Sir_Coleridge _Marriage Foundation

Current position held:

Founder and Chairman at the Marriage Foundation in United Kingdom

(together with his two sons, a Vicar and an Accountant and Sir Mark Hedley, Chancellor of the Anglican Diocese of Liverpool and a retired High Court Judge)

(Former Judge of the High Court (Family Division) at the Royal Courts of Justice)

 

Date of birth and family:

30 May 1949

Parents: Major James Bernard Coleridge (born 9 May 1919 – died 1991), son of Paul Humphrey Coleridge and Margaret Frances Giffard, married to Jane Eveline Giffard, daughter of Campbell Walter Giffard (died 30 December 1960) and Ethel Miriam Albu (born 14 February 1892 – died 23 December 1941) on 30 March 1946;  Major James Bernard Coleridge was educated at Charterhouse School, Godalming, Surrey, England, and fought in WWII gaining the rank of Major in the service of the Royal Signals following being educated at King’s College, Cambridge University, Cambridge, Cambridgeshire, England; see siblings below.

Grandfather (father’s side): Paul Humphrey Coleridge (born 17 February 1888 – died 23 May 1955), son of Hon.

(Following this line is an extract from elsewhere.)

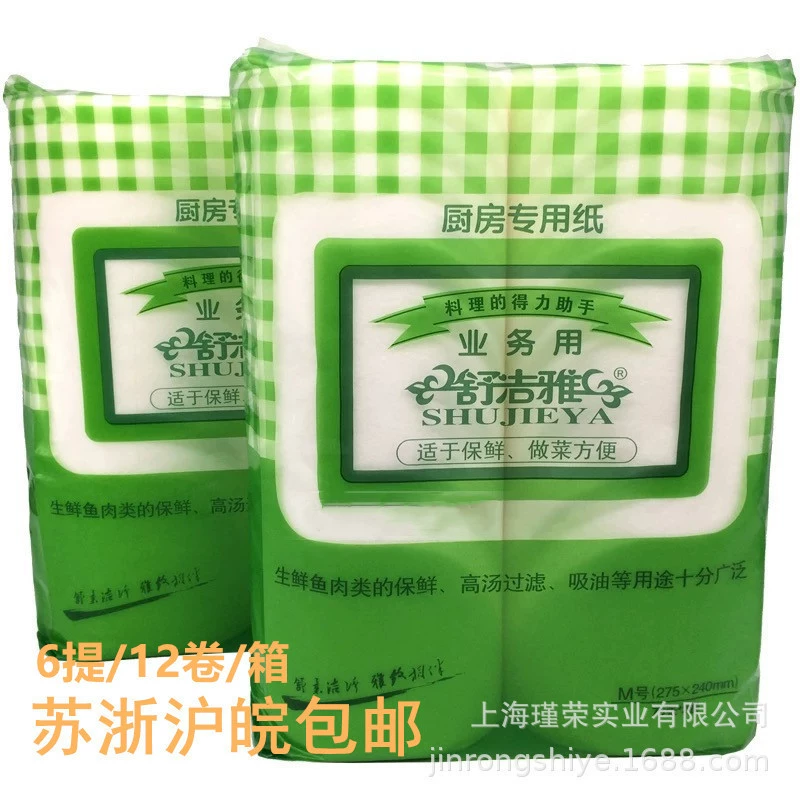 Застежка-молния shujieya маслопоглощающая бумага кухонная водопоглощающая бумажная суп и жирная бумага для приготовления оптом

Stephen William Buchanan Coleridge and Geraldine Beatrice Lushington, married to Margaret Frances Giffard, daughter of George Campbell Giffard on 27 June 1914; gained the rank of Captain  in the service of the 16th Battalion, Sherwood Foresters; fought in WWI and WWII; decorated with the award of the Military Cross and invested as a Fellow of the Royal Institute of British Architects; he had 5 children Anthony Duke Coleridge (born 18 June 1915 – died 31 January 2000), Major James Bernard Coleridge (born 9 May 1919 – died 1991), Francis Stephen Coleridge (born 30 December 1920 – died 1992), Paul Michael Coleridge (born 30 June 1923 – died 19 December 1923), and Helen Bridget Coleridge ( born 19 March 1928 – 29 April 1928).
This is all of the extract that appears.